[[ The records, beginning ]]

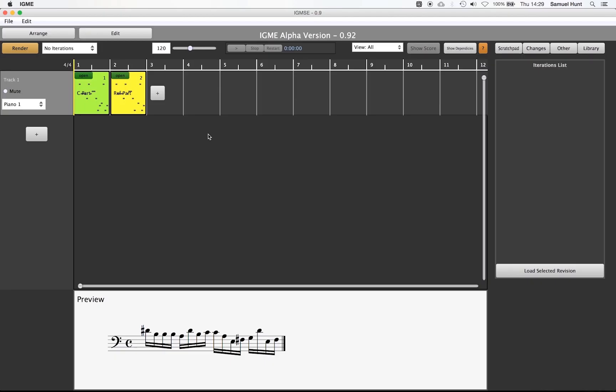To recap what we have done so far, we have created a single phrase of music using a purely generative effect. We have then taken this part, modified and repeated it, and we are now going to finalize our piece.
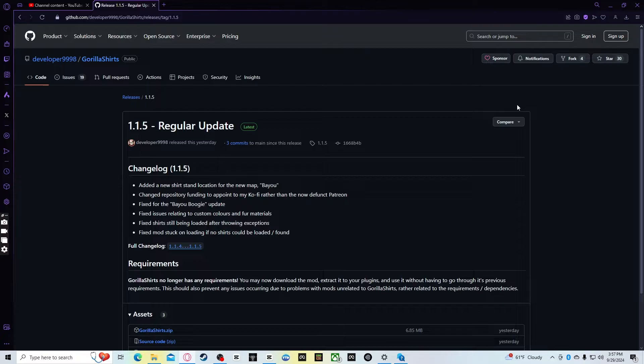In order to get the Gorilla Shirts mod, you need two things. One, you need a PC. Two, you need a Gorilla Tag installation — either PCVR or SteamVR. I use PCVR.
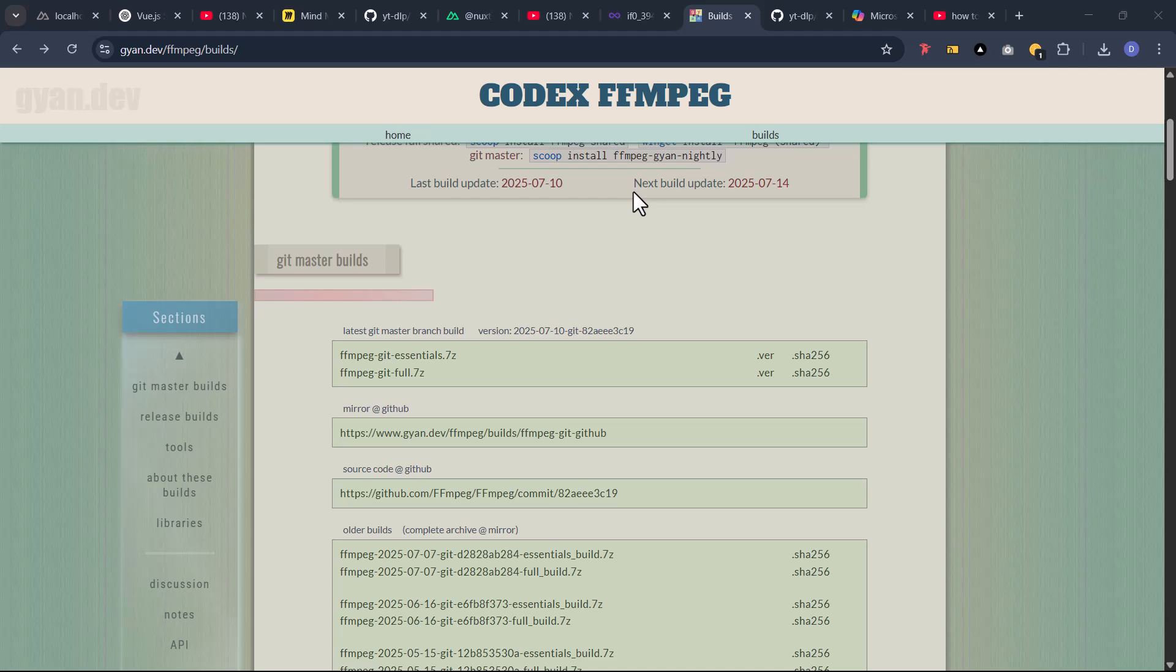Let me explain what ytdlp does so that you understand what ffmpeg does. What ytdlp does is, any link you provide, any video link you provide, irrespective of wherever you got it from—would be a YouTube video, would be any external link having a video link—if you provide it, what ytdlp does is it extracts the motion picture of it and extracts the audio of it.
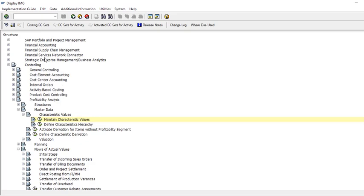Our configuration is done. Now we have to record the entries. We will use AP, AR, and GL. So let's begin.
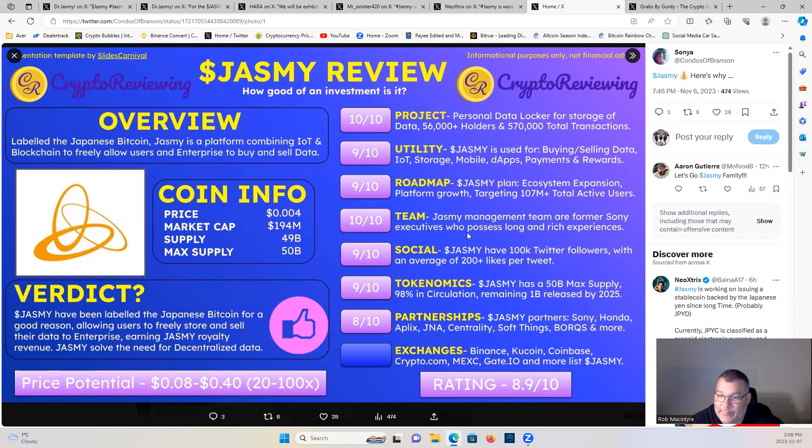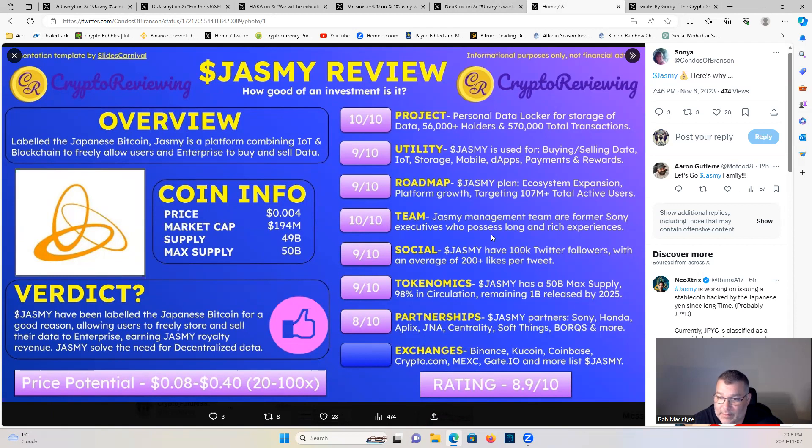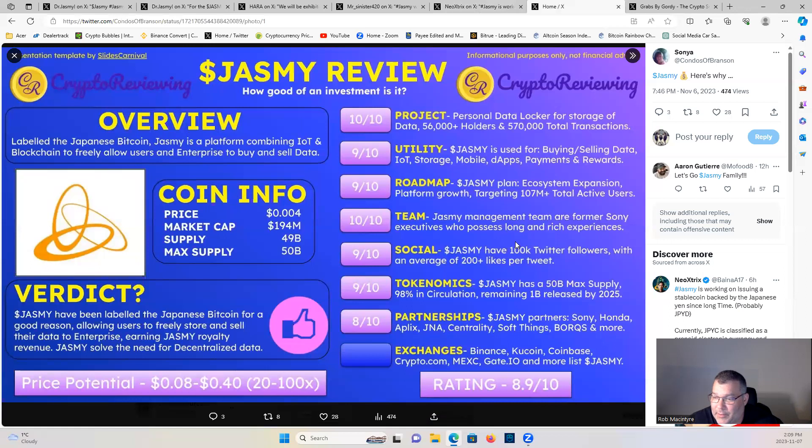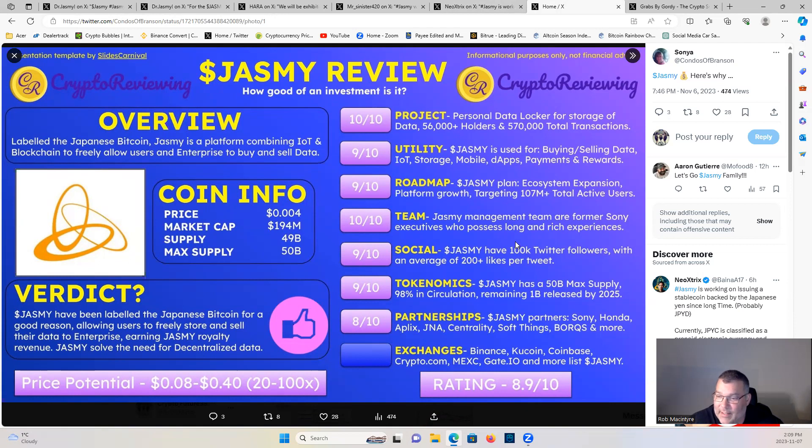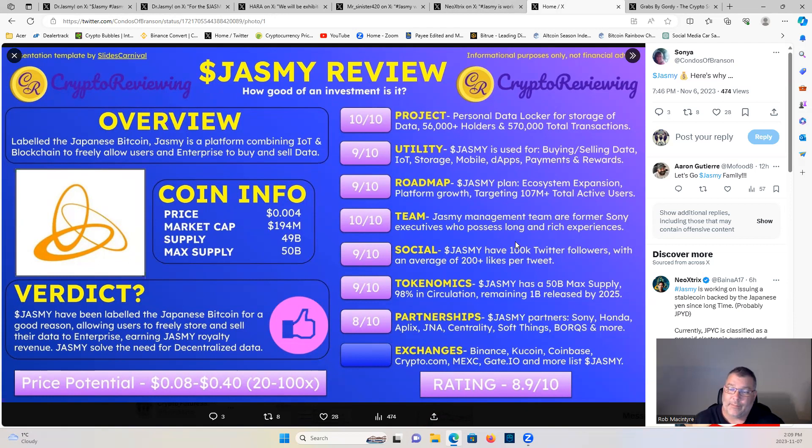9 out of 10 for social. Jasmine have 100k Twitter followers with an average of 200 plus likes per tweet. 9 out of 10 for tokenomics. Jasmine has a 50 billion max supply, 98 percent in circulation, remaining 1 billion released by 2025. 8 out of 10 for partnerships. Jasmine partnerships: Sony, Honda, Aplex, JNA, Centrality, Soft Things, Borks, and more. Exchanges: Binance, KuCoin, Coinbase, Crypto.com, MEXC, Gate.io, and more. And I will throw in there, guys, because they are channel sponsor, L Bank.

[[ The records, end ]]

Your goal ▸ In the entries above, find the line containing "In order to" and the line containing "Our configuration is"; give again exactly those two lines and every line between them, minus the pictures.

Answer for this exercise ▸
In order to get the Gorilla Shirts mod, you need two things. One, you need a PC. Two, you need a Gorilla Tag installation — either PCVR or SteamVR. I use PCVR.
Let me explain what ytdlp does so that you understand what ffmpeg does. What ytdlp does is, any link you provide, any video link you provide, irrespective of wherever you got it from—would be a YouTube video, would be any external link having a video link—if you provide it, what ytdlp does is it extracts the motion picture of it and extracts the audio of it.
Our configuration is done. Now we have to record the entries. We will use AP, AR, and GL. So let's begin.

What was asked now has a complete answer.